Internasionalisasi Muhammadiyah, Jembatani Peradaban Islam-Barat
Oleh: Haidir Fitra Siagian
(Ketua Pimpinan Ranting Istimewa Muhammadiyah New South Wales Australia)
Internasionalisasi gerakan dakwah Muhammadiyah yang digagas di Muktamar Jakarta tahun 2000 dan diperkuat dalam Muktamar tahuan 2015 di Makassar, merupakan upaya yang dirancang sedemikian rupa untuk mengemban misi utama bahwa Muhammadiyah telah matang dan mampu meluaskan syiar dakwahnya ke seluruh penjuru bumi. Upaya ini terus-menerus dilakukan antara lain dengan cara menyebarkan kader-kader Muhammadiyah ke luar negeri guna menginternasionalkan paham-pemikiran Muhammadiyah, mendirikan maupun menguatkan jaringan organisasi serta membangun amal usaha di berbagai negara.
Setelah mendirikan Universitas Muhammadiyah di Malaysia dan beberapa amal usaha di Timur Tengah, pada hari ini kita mendapatkan kabar yang sangat menggembirakan. Majalah Matan terbitan Pimpinan Wilayah Muhammadiyah Jawa Timur edisi September 2022, menulis berita gembira ini.
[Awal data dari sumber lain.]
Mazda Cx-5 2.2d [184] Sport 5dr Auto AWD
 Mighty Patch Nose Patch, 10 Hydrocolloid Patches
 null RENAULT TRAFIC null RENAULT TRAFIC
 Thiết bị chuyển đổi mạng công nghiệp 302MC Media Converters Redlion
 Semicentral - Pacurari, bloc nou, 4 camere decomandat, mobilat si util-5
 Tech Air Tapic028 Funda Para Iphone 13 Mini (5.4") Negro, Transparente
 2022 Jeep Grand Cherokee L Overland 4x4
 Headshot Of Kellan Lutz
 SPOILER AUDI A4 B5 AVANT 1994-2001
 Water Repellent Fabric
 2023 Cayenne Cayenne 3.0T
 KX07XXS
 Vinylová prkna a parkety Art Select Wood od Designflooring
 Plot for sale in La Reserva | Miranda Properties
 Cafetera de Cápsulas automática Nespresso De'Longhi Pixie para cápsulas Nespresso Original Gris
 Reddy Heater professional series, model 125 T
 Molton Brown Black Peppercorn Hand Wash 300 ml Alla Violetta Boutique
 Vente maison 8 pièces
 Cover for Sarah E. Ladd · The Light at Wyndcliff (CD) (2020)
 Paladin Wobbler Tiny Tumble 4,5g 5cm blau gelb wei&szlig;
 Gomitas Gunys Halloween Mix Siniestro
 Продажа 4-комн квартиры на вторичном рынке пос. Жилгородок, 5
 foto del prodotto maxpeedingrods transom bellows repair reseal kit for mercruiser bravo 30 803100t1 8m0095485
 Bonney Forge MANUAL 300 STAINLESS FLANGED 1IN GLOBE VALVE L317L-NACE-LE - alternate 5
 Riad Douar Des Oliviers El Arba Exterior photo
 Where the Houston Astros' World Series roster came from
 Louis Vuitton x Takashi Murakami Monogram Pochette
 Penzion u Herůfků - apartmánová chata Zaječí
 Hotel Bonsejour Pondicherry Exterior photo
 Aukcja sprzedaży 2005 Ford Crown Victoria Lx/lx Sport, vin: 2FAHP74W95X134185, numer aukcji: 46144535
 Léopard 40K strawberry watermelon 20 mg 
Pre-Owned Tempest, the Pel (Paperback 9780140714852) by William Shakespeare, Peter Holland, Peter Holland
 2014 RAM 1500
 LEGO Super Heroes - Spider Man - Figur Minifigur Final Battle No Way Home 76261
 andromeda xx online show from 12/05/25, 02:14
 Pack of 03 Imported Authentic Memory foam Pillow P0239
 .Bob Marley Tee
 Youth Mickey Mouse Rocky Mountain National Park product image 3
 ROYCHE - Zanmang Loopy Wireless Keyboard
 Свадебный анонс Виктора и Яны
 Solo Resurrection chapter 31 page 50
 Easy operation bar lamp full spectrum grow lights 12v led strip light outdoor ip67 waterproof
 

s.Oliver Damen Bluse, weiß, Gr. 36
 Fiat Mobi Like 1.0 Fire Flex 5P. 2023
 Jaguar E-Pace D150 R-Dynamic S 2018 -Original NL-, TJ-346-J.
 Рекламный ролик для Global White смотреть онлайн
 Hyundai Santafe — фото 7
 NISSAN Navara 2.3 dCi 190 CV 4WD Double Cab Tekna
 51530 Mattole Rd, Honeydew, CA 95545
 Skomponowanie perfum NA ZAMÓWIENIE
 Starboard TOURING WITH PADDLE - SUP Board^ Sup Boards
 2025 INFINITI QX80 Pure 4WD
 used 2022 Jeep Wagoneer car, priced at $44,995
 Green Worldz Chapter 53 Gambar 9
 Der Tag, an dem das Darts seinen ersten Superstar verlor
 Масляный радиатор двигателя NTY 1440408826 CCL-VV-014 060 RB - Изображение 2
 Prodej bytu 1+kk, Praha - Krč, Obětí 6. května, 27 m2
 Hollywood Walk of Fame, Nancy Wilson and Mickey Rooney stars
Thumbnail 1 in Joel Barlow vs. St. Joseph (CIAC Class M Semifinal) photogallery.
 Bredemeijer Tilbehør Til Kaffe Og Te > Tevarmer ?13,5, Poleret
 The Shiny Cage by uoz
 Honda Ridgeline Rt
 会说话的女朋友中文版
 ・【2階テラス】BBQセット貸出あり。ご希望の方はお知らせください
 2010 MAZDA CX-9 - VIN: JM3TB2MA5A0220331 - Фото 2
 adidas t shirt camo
Di sebuah negara yang jarang terdengar, Uganda, Afrika Timur, melalui Lazismuh, Pimpinan Pusat Muhammadiyah telah berhasil mendirikan sebuah masjid. Masjid yang cukup megah untuk ukuran pedalaman Afrika, berada di tengah minoritas Muslim. Kabar gembira ini tentunya bukan hanya kepada warga Muhammadiyah saja, tetapi untuk seluruh bangsa Indonesia. Masjid yang dibangun tersebut, walaupun atas nama Muhammadiyah, tetapi Muslim Uganda tahu bahwa itu adalah sumbangan ikhlas atas nama rakyat Indonesia.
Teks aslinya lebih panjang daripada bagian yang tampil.